Cristiano Poluzzi, referente Pace per la segreteria provinciale ANPI Bergamo
NOTE
[1] Global Peace Index 2024, pag. 50. Il rapporto è consultabile e scaricabile qui: Global Peace Index – Institute for Economics & Peace.
[2] Cfr. Coesistenza – Significato ed etimologia – Vocabolario – Treccani
[3] Cfr. G. Lukàcs, Lenin, DeriveApprodi, Bologna 2025, pp. 147-149.
[4] Questa l’espressione utilizzata, nel tg della sera, dal direttore de La7 Enrico Mentana lo scorso 15 maggio nel descrivere l’escalation israeliana nella Striscia di Gaza.
[5] Cfr. Gaza e il «genocidio»: le parole del Papa, la risposta di Israele. Queste le parole esatte scritte dal papa: “A detta di alcuni esperti, ciò che sta accadendo a Gaza ha le caratteristiche di un genocidio. Bisognerebbe indagare con attenzione per determinare se s’inquadra nella definizione tecnica formulata da giuristi e organismi internazionali”.

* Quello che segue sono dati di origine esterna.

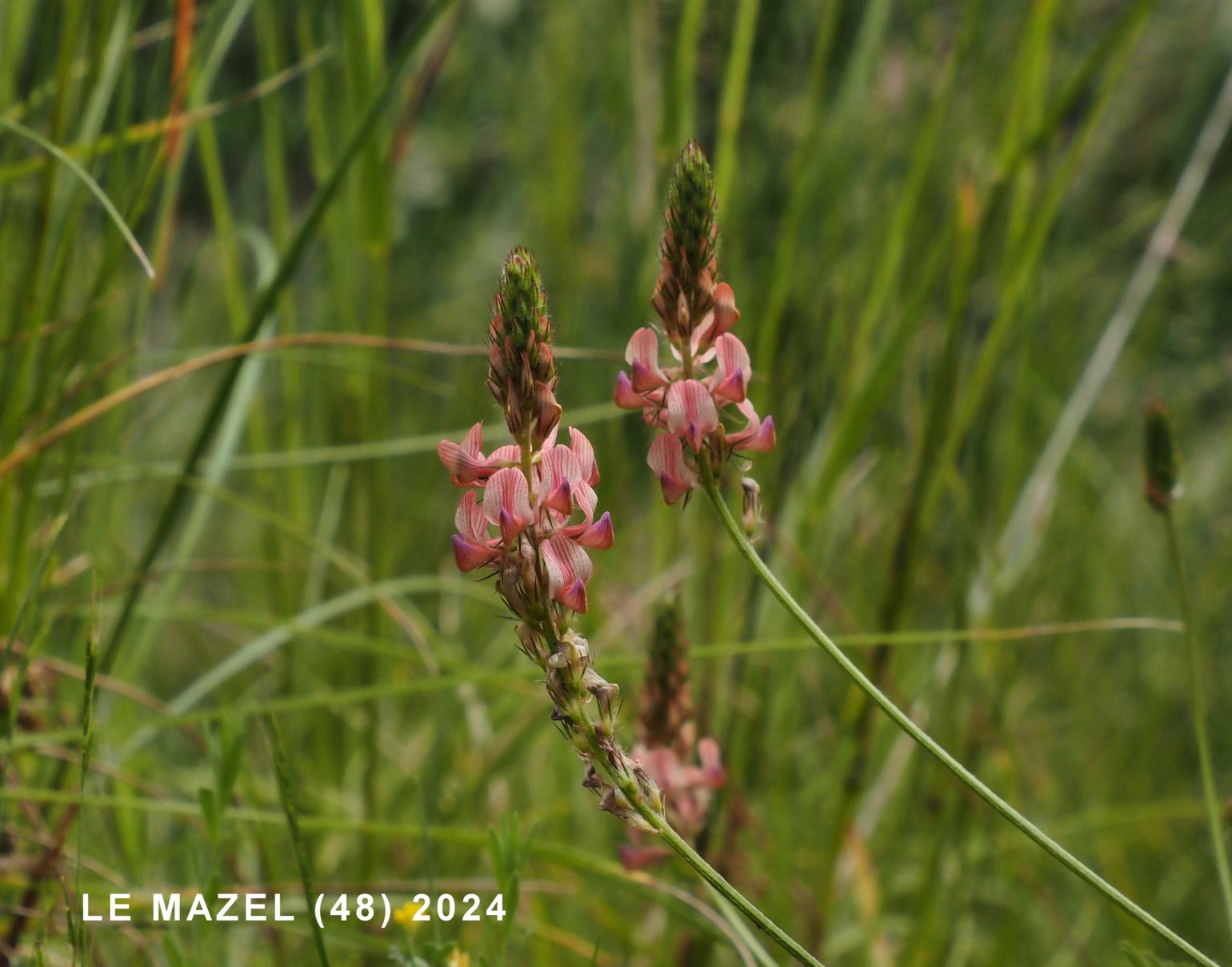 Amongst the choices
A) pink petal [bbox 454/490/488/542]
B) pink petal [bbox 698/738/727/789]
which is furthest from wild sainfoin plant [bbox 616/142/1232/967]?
pink petal [bbox 698/738/727/789]

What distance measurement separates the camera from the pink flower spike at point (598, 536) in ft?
2.33

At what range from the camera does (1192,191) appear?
5.81 feet

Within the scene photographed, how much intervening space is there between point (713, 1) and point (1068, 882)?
1565mm

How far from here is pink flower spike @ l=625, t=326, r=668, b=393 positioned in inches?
30.1

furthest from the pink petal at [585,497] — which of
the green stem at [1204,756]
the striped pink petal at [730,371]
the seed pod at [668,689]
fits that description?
the green stem at [1204,756]

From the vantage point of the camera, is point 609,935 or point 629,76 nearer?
point 609,935

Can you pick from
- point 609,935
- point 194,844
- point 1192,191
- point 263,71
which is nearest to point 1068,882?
point 609,935

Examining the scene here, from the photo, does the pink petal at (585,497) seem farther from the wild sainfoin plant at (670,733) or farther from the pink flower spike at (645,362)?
the wild sainfoin plant at (670,733)

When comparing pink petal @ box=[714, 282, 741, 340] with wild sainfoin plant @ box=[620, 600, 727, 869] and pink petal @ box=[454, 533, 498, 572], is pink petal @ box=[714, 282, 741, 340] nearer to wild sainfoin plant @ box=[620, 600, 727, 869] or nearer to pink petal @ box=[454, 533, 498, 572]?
pink petal @ box=[454, 533, 498, 572]

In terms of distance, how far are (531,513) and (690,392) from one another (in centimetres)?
12

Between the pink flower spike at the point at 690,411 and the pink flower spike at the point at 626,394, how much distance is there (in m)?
0.03

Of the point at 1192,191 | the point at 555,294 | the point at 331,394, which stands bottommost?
the point at 331,394

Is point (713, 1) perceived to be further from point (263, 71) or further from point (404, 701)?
point (404, 701)

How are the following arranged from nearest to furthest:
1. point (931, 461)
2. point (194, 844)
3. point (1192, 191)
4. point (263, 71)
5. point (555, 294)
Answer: point (194, 844)
point (931, 461)
point (1192, 191)
point (263, 71)
point (555, 294)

[6] È notizia freschissima la pubblicazione di un articolo del New York Times che, analizzando la recente militarizzazione del confine tra Finlandia e Russia, ammette come l’espansione della NATO a Est abbia contribuito a causare l’invasione russa dell’Ucraina.
[7] Cfr. KCNA releases text of comprehensive strategic partnership treaty with Russia – Russian Politics & Diplomacy – TASS (data ultima consultazione sito web: Maggio 2025).
[8] Cfr. S. G. Azzarà, La Grande Convergenza e il revival del colonialismo occidentale, in “Materialismo Storico, 1/2023 (vol. XIV)”, pp. 310-326. in particolare cfr: “alla fine del 2021, gli equilibri mondiali sono molto diversi da quelli dei primi anni Novanta e una parte considerevole del mondo che un tempo era succube del colonialismo e dell’egemonia occidentale, la Cina in primis, è oggi padrona di sé e protagonista di una crescita senza precedenti”, in ivi, pag. 319. Il corsivo è nel testo.
[9] G. Boffa, Storia dell’Unione Sovietica. 1945-1964, L’Unità, Roma 1990, p. 136.
[10] Cfr. “Urbi et Orbi” – Pasqua 2025, Papa Francesco. Questo, in particolare, il passaggio sul disarmo: “Nessuna pace è possibile senza un vero disarmo! L’esigenza che ogni popolo ha di provvedere alla propria difesa non può trasformarsi in una corsa generale al riarmo. La luce della Pasqua ci sprona ad abbattere le barriere che creano divisioni e sono gravide di conseguenze politiche ed economiche. Ci sprona a prenderci cura gli uni degli altri, ad accrescere la solidarietà reciproca, ad adoperarci per favorire lo sviluppo integrale di ogni persona umana”.